__EXERCISE DATA__.
════
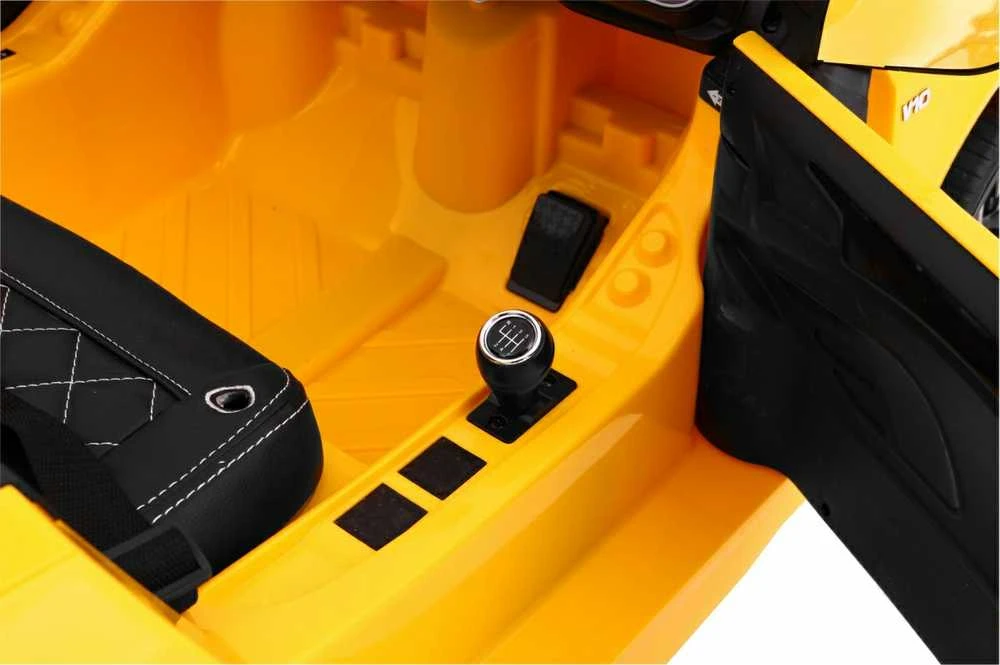Ramiz Elektromobilis Audi R8 Spyder, geltonas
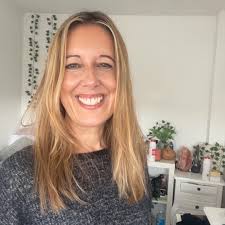 Hi. Is there anyone here who is an odd job/handyperson, who would be  willing to tackle the weeds in my garden please? I recently had a gardener  bring my shingle to a '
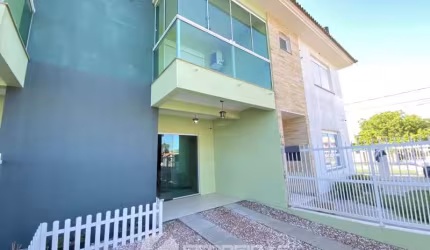 Seu novo lar na praia espera por você: Um duplex completo e cheio de estilo em Tramandaí!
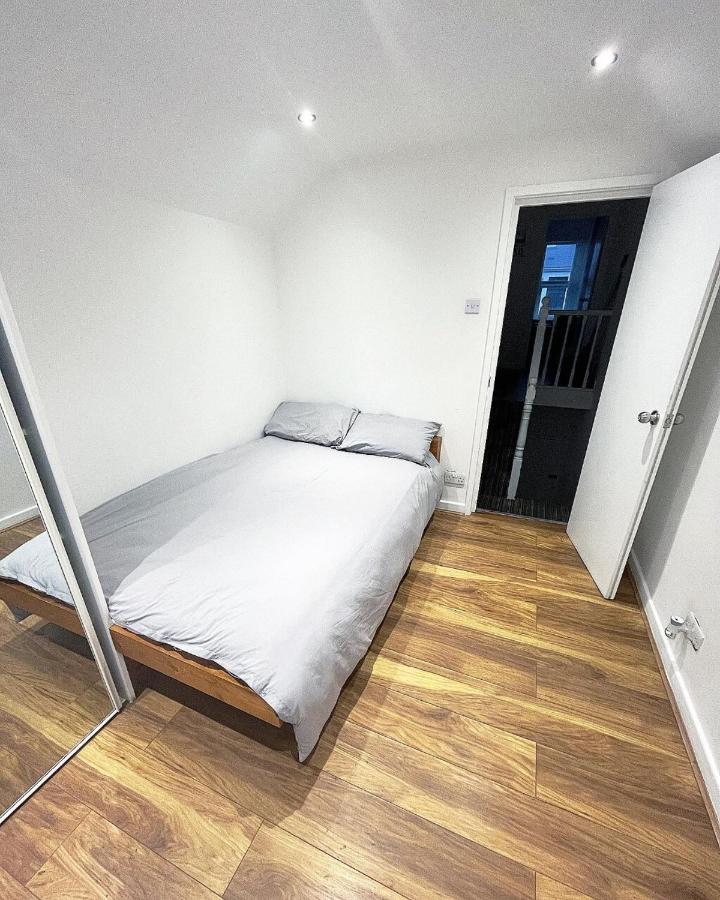 Ak Serviced Apartments - Exclusive Two-Bedroom Apartment カーディフ エクステリア 写真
════
__WHAT THE TASK ASKS__.
Give back the material above exactly as written, but omit the images.

__RESPONSE AREA__.
Ramiz Elektromobilis Audi R8 Spyder, geltonas
 Hi. Is there anyone here who is an odd job/handyperson, who would be  willing to tackle the weeds in my garden please? I recently had a gardener  bring my shingle to a '
 Seu novo lar na praia espera por você: Um duplex completo e cheio de estilo em Tramandaí!
 Ak Serviced Apartments - Exclusive Two-Bedroom Apartment カーディフ エクステリア 写真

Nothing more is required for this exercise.